In his fury over Europe’s passive Bosnia policy, Mestrovic has depicted the West as a ‘voyeuristic consumer of abstract fiction because the distinction between fact and fiction has been lost’.27 The Balkans have become the site of a prolonged docudrama with stereotypical characters, Mestrovic argues, who stage a play full with the usual sordid images western TV audiences have by now got used to; scandalous, violent and even sexual images which may, according to Mestrovic, raise the question whether the Balkan wars are a ‘prelude to a future in which audiences will have been reduced to postmodern Romans watching bloody spectacles in the electric arena comprised of televised images?’28 Following a somewhat perverse Baudrillardian logic, this would turn the Balkans into a hyperreal site of simulation precisely because it is televised, made abstract on a screen which produces little other than violence and sensationalism. Real war and televised war therefore blend together, preventing real emotion and real compassion for the still very real victims of ethnic strife and attempted genocide. Or, as Andreas Behnke argues later on in this book:
Only when [NATO’s] verbal representation is controlled, structured and disseminated by spin-doctors and clever spokespersons, only when the visual ‘evidence’ is presented in the form of videogames, only when we stay within the framework of this de-ontologised version of warfare, can NATO’s claims [of moral superiority] be sustained.
Bosnia has shown for the first time how the referents of Western modernity – truth, morality, justice – have now been emptied of real content, seemingly confirming Baudrillard’s conjecture that social reality is composed of mere fictions mostly played out on the TV screen. ‘Kosovo’, on the other hand, has provided the West with an opportunity to publicly visualise these lost referents by claiming the moral highground and re-establish the rhetoric of Europe’s Enlightenment ideals.
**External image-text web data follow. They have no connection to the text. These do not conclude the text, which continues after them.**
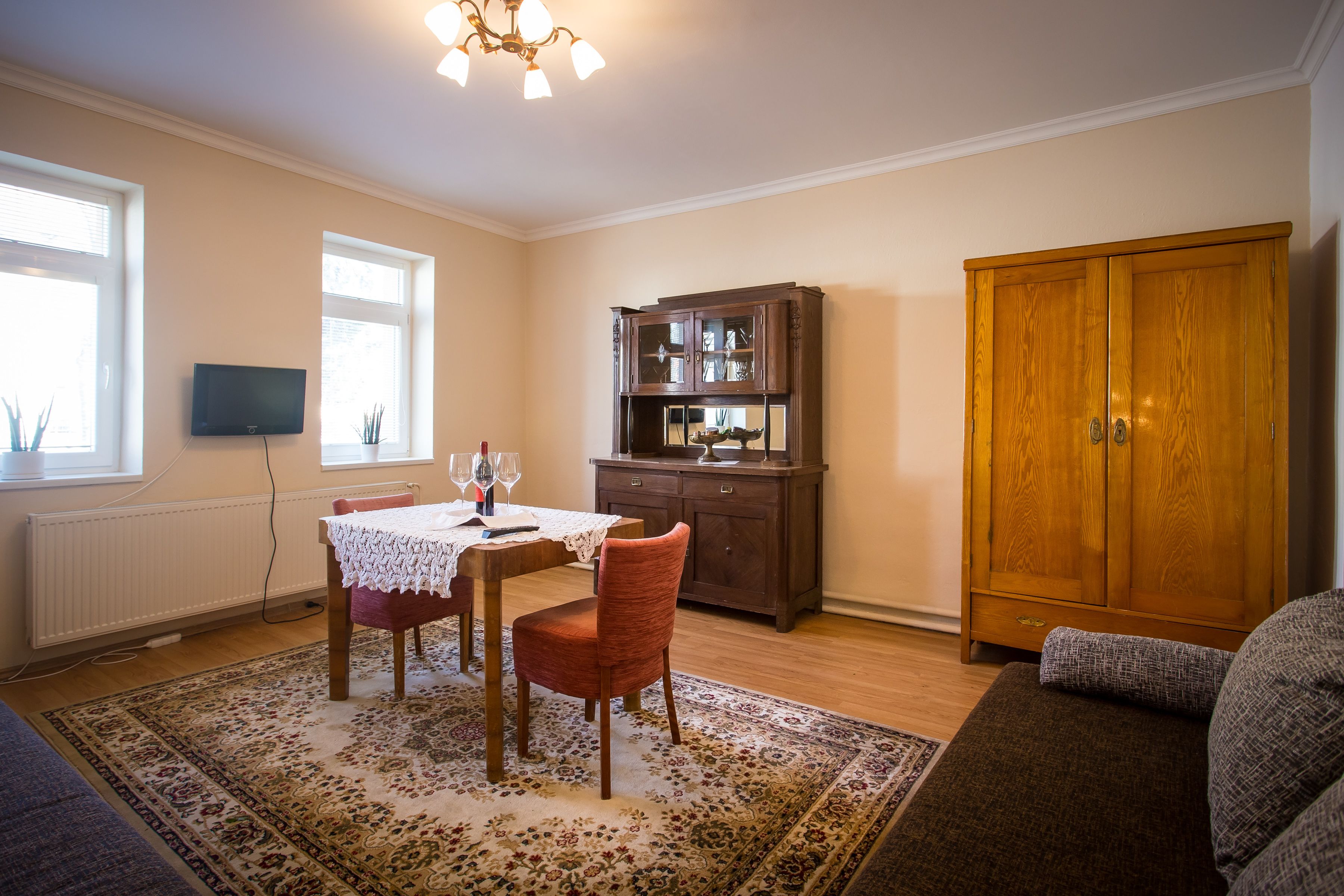 Un espace repas comprenant une table, des chaises et un buffet.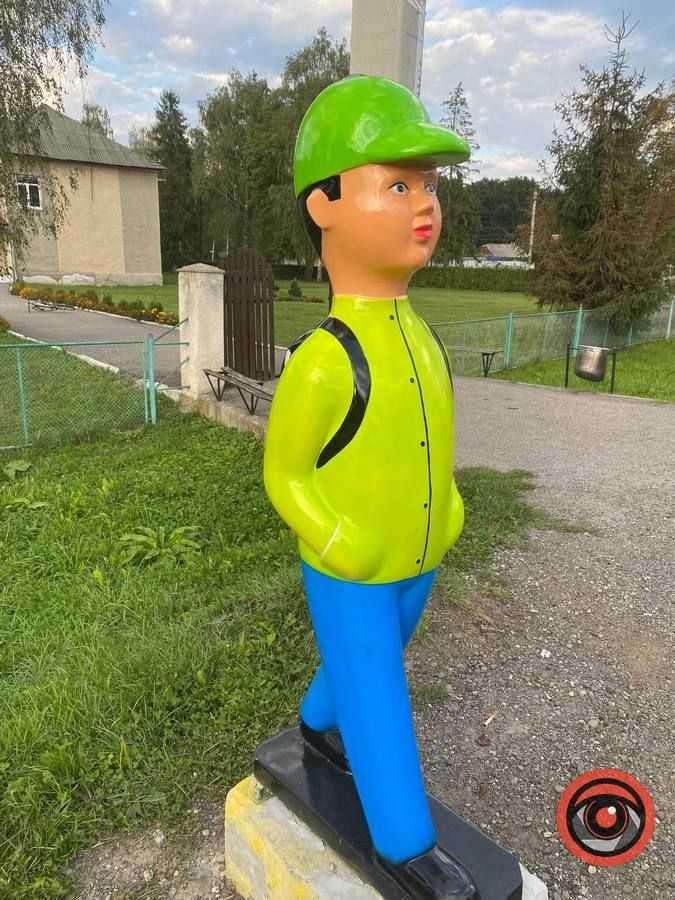 У Шепарівцях встановили "хлопчика-пішохода" 3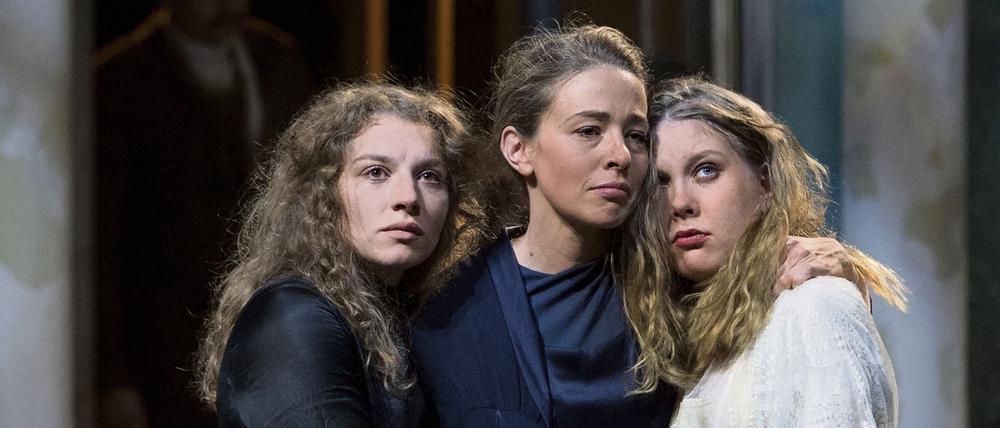 Antonia Bill, Laura Tratnik und Karla Sengteller sind "Drei Schwestern".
NATO’s air campaign against Serbia (not to be confused with something as arcane and brutal as ‘war’ – see Pertti Joenniemi’s chapter in this volume), started on 24 March 1999 and lasted seventy-eight days. NATO warplanes flew 37,465 sorties (an average of 480 every 24 hours), dropping more than 20,000 ‘smart bombs’, destroying parts of Serbia’s industrial and civilian infrastructure, and killing an unknown number of Yugoslav troops as well as some 500 civilians (the exact figure is still unknown). The tragedy of Kosovo finally seems to have dehypnotised the West’s post-emotional stare at the Balkans and to have provoked Europe to draw its own ‘line in the sand’ by including Kosovo in Europe’s security equation.29 But in practice this ‘line’ was drawn in the air, indicating that Europe did not want to become ‘engaged’ on the ground but was committed to Balkan security in only a general and abstract way through an antiseptic aerial operation. The proclaimed victory of the West’s airpower has confirmed these ocularcentric fantasies of technological mastery and transcendence, stimulating the deterministic logic of mediated vision and techno-imagery. NATO’s air campaign and its video-supported mission briefings have made it clear that these new technologies open up the possibility of simultaneous engagement and disengagement with the ‘other’ we encounter on our mental and our TV screens.30 The ‘line in the sand’ is therefore also a protective line that keeps these images from obtruding too deeply into the European consciousness. Technology thereby serves to isolate and insulate the viewers from the frightening immediacy of Balkanisation. Speaking of the problematique of postmodern involvement in the world, Kevin Robins has therefore claimed that the ‘point now is not whether we can achieve a certain distance and detachment from the fearful principles of reality, but whether we can ever become reconnected to a world that we no longer take for real, a world whose reality has been progressively screened out’.31
It is here that ‘European security’ is being framed most clearly. The televisualisation of European politics has reduced the multiplicity of difference and abridged power and authority to an entertainmentised phenomenon. Technology has imposed a distance between the ideal of a peaceful and stable ‘Europe’ and the ‘other’: vision is mobilised and employed to avoid direct contact lest we be contaminated with the Balkanisation-bacillus. High-flying fighter-pilots are called upon to hit their targets without physical contact with the enemy, ensuring their visual sovereignty through smart bombs and surgical strikes. With each bomb, NATO and Europe have been building their own utopia, their own secure space over which they have full control, a new European order that is beyond disappointment and disillusionment, a transparent space that can be controlled from a safe distance with a sovereign Cartesian perspectivalist gaze. This is the ultimate simulation of ‘European security’, since the really real has been disciplined to fit the imagined ideal of European security. By simulating European security, Europe has been disembodied and the option of chaos and catastrophe suspended (or even annulled).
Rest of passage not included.